Categories: Travel , Outdoors & Nature , Nonfiction

I'm still weirded out by finding an apparently homeless guy sleeping on my futon.  Not so much that, but my reaction, which was, when he asked me for a drink, to say I had milk and grape juice and feel guilty that I didn't have more juice varieties.  (His response was, "No, man, I mean something to drink.")  Am I just a compassionate person, or foolish and insane?

Two of the books I read suggest the term "houselessness" rather than "homelessness" because of the connotations of "home."  Under the Overpass, by college student Michael Yankoski, tells the story of the five months he and his friend Sam spent on the streets of five large cities, as a religiously inspired experiment.  In format, the book is a lot like Barbara Ehrenreich's Nickel and Dimed.  Michael and Sam sleep in shelters, eat in soup kitchens, and make small amounts of money playing "worship songs" on their guitars.

Although they do not behave eccentrically or use drugs or alcohol and spend most of their free time (and homeless people often have little free time because of the logistics of finding food and a sleeping place) reading the Bible and writing in their journals, only one person asks, "Who are you really?"  Everyone else judges them completely by their unwashed appearance.  One of the joys of the book is the glee with which Yankoski describes how badly he and Sam smell after five weeks without bathing.  They are not nearly as enterprising about making themselves clean and comfortable as Lars Eighner.

Sadly, each admits that he had hoped to improve his guitar playing during the months on the streets, and now neither wants ever to see a guitar again.  Indeed, twice, actual homeless people borrow their guitars, play far better than Michael and Sam, and earn a decent amount of change for their work.  Like Eighner, Michael believes that if he were to be homeless for a long period of time, he too would find comfort in alcohol or drugs.

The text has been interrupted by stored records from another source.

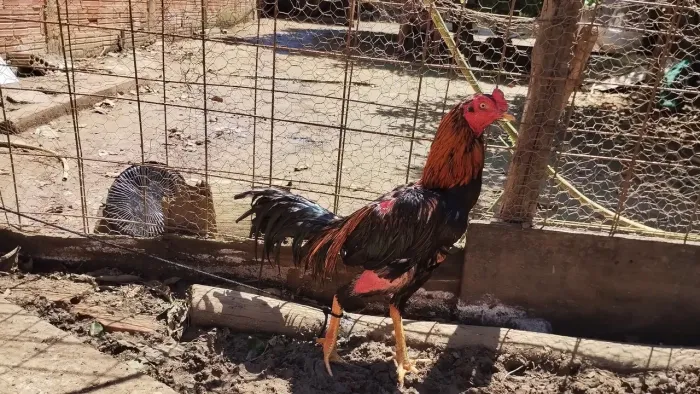 Galo a venda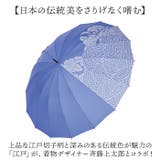 JOTARO SAITO×mabu マブ 16本骨傘 江戸 | BACKYARD FAMILY | 詳細画像3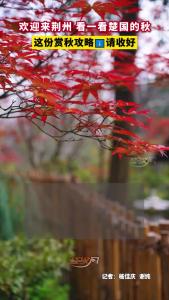 欢迎来荆州 看一看楚国的秋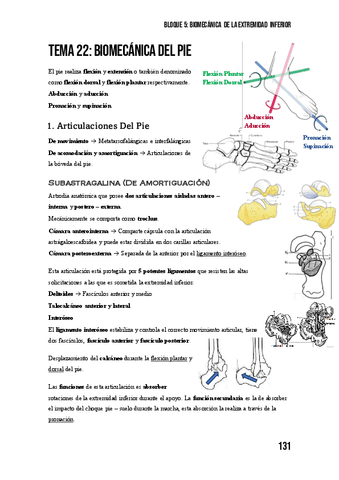 Tema-22-Biomecanica-Del-Pie.pdf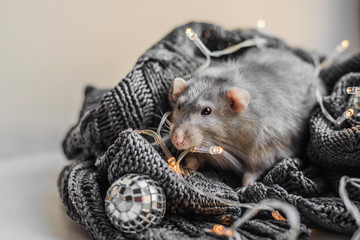 Cute dark grey rat sitting on cozy grey sweater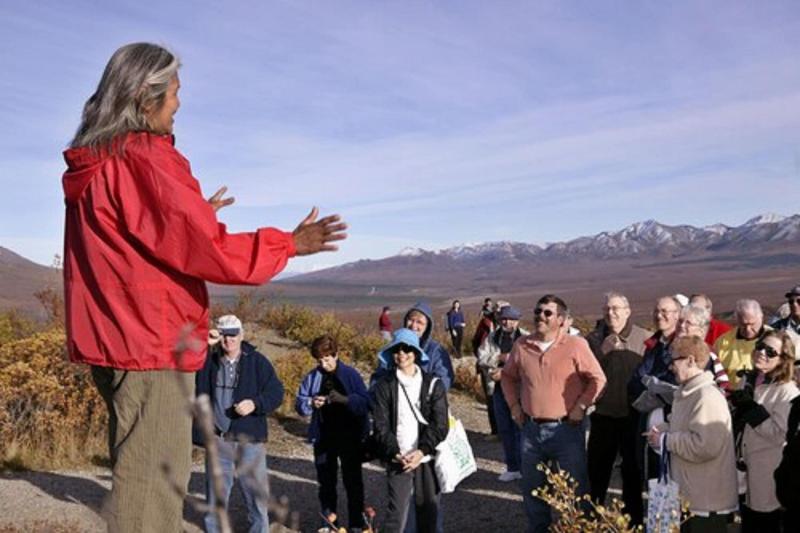 Denali Park Village - photo 16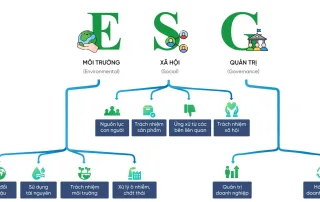 Mô hình đô thị ESG tại Vinhomes Green Paradise: Môi trường, Xã hội và Quản trị bền vững.
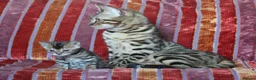 Bengal cats for sale: Gorgeous pure Bengals girl - Advert 2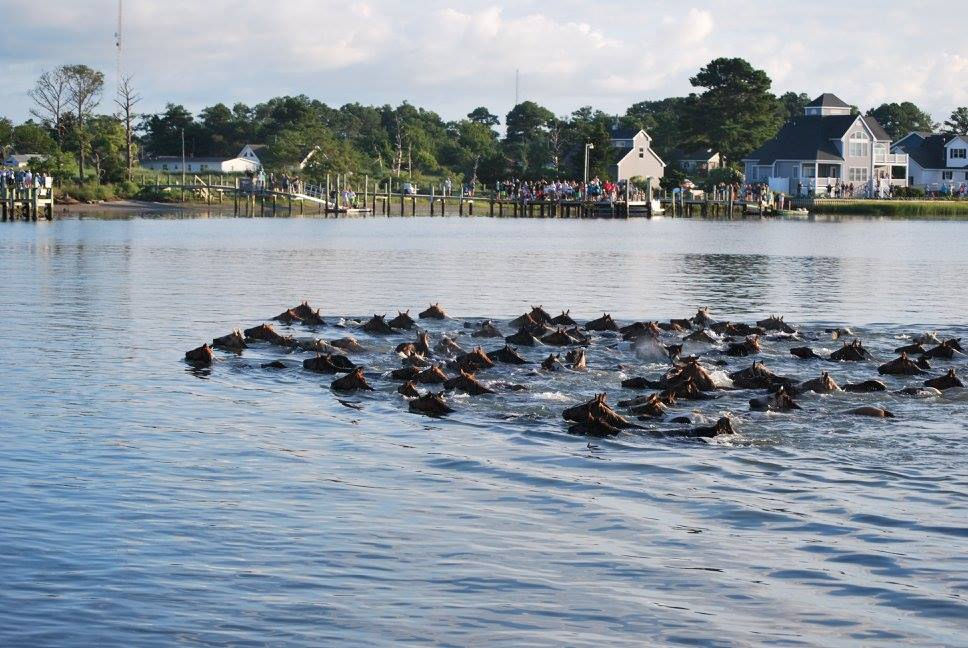 Eastern Shore Properties Inc in Chincoteague, VA
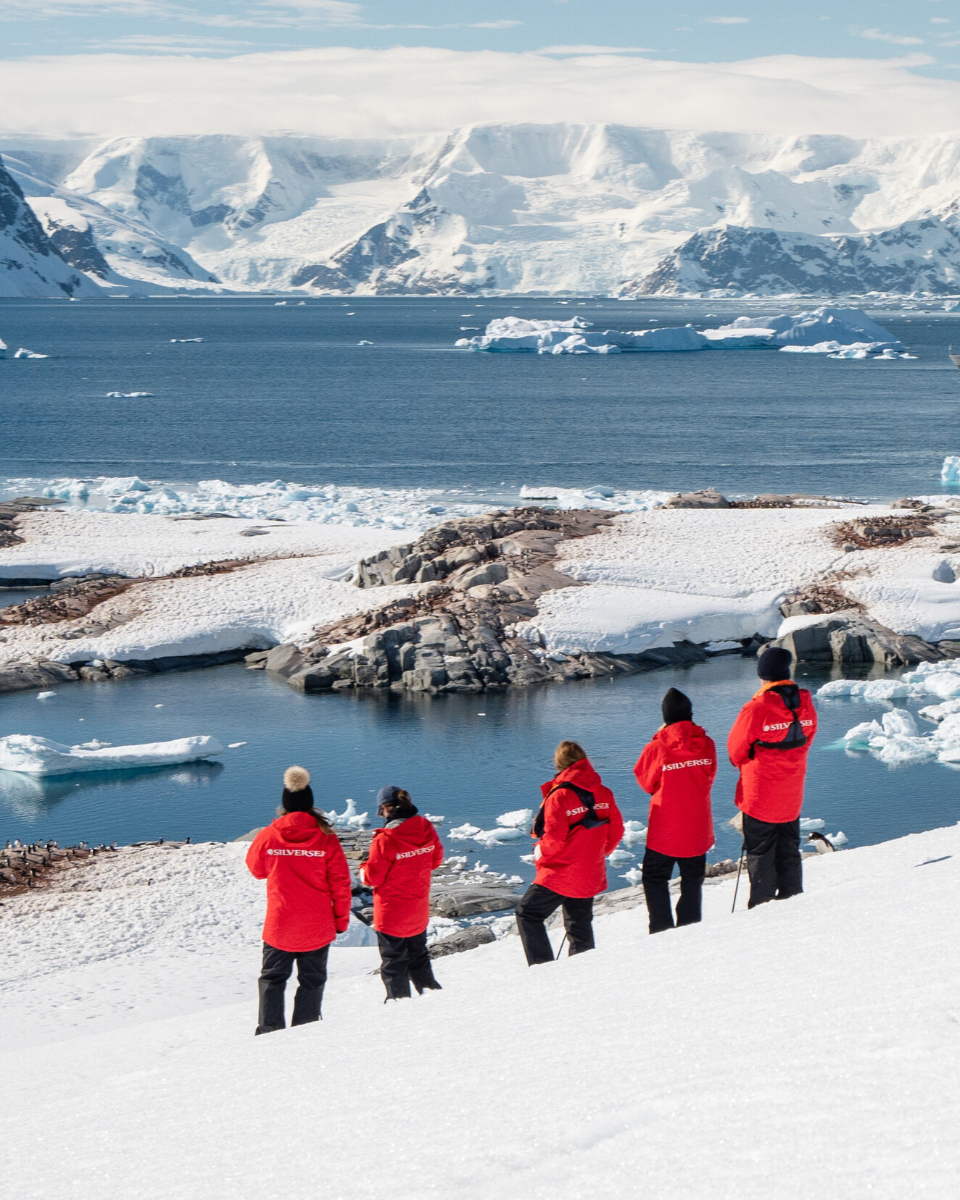 Silver Endeavour in Antarctica at Neko Harbour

Looking at the online catalog, I see that my reading about homelessness so far has been pretty haphazard.  I also recommend The Tunnel: the Underground Homeless of New York City, by Margaret Morton, which is mostly photographs of homes--some quite elaborate and comfortable looking--made by people in a certain part of a subway tunnel, along with their transcribed words about themselves and their houses.  A similarly engrossing and revealing book is The Mole People: Life in the Tunnels Beneath New York City, by Jennifer Toth, although rail fans have somewhat successfully discredited Toth's description of the tunnels' geography.